Digital transformation often involves a range of technology initiatives to drive business growth and innovation. Looking at the trends across the industry, some of the joint initiatives companies operate as part of their digital transformation efforts include cloud adoption, Machine Learning, Artificial Intelligence, the Internet of Things (IoT), Robotic Process Automation, and Big Data Analytics. While these are just a few examples of the critical initiatives that companies drive as part of their digital transformation efforts, an up-and-coming technology that has gained much attention in recent years is “Process Mining.”
What is Process Mining?
Process mining is a powerful tool that combines the power of technologies such as data science, big data analytics, machine learning, and process engineering. It is a data-driven approach that allows businesses and large-scale enterprises to map their process (an X-Ray for the company), analyze it, and identify opportunities for improvement.
The first step in process mining typically involves collecting digital footprints and data across various ERP, CRM, or BPM systems. This data is transformed into event logs using unique identifiers and timestamps to create a digital process map which can then be analyzed using process mining.
Process mining can be broadly classified into three main areas: process discovery, process conformance, and process intelligence:
- Process discovery involves the creation of process models from the event logs. This helps businesses use data from the different systems involved to visualize their processes “as executed” and identify bottlenecks, inefficiencies, and variations in these processes.
- Process conformance builds on the capabilities of process discovery. It enables organizations to compare the actual or “as executed” processes against the expected or “as designed” strategies based on the process models. Different factors, such as user preferences or system limitations can cause these variations. With process conformance, deviations from the expected processes and their corresponding root causes can be identified.

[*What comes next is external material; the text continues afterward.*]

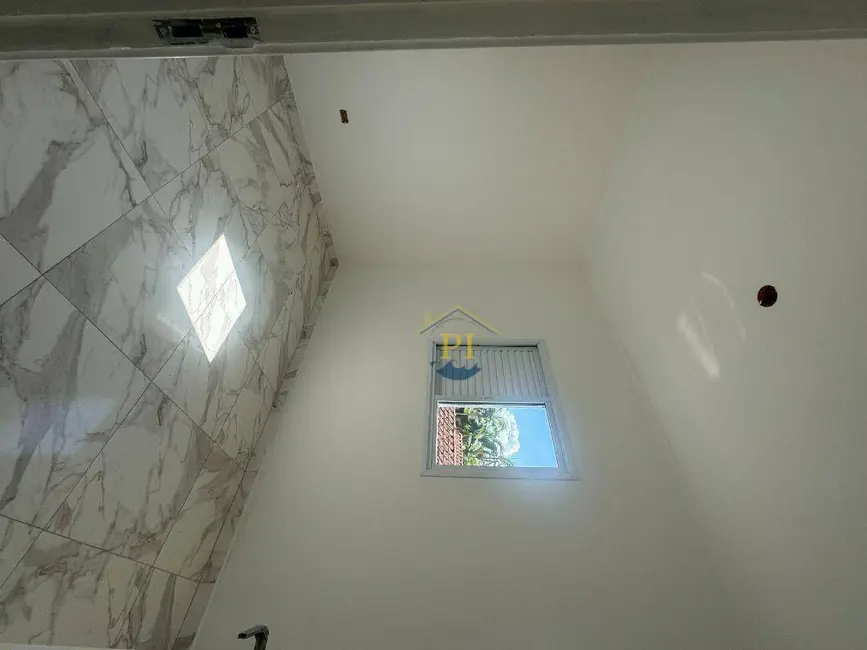Foto 9 de Sobrado com 3 quartos à venda, 110m2 em Praia Grande - SP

- Process Intelligence enables companies to incorporate proactive capabilities into their processes through process automation and data science. One such example is process mining in combination with data science and machine learning models to help businesses proactively identify and avoid potential delays and bottlenecks in their processes based on historical trends.
Process mining has benefited companies, helping them unleash the power of digital transformation to drive significant improvements across their businesses. For example, ABB has leveraged Process mining to monitor their Order to Cash, Purchase to Pay, and complaint-to-resolution processes. With operations in over 100 countries and spanning several ERP systems, process mining has helped ABB monitor millions of transactions across the globe and derive unique insights that have helped improve its existing processes. Other notable examples involve using Process mining by Comcast to save $85 million, an 800% improvement in touchless orders for L’Oréal, reduced British Telecom’s customer service cycle times by 60%, and improved customer satisfaction in Dell Tech Support by 120 bps.
Process mining has proven to be a simple yet effective tool for process management. With the availability of large amounts of data, and advancements in RPA, data science, and machine learning, process mining is here to stay. It helps companies and businesses derive immense value from their data.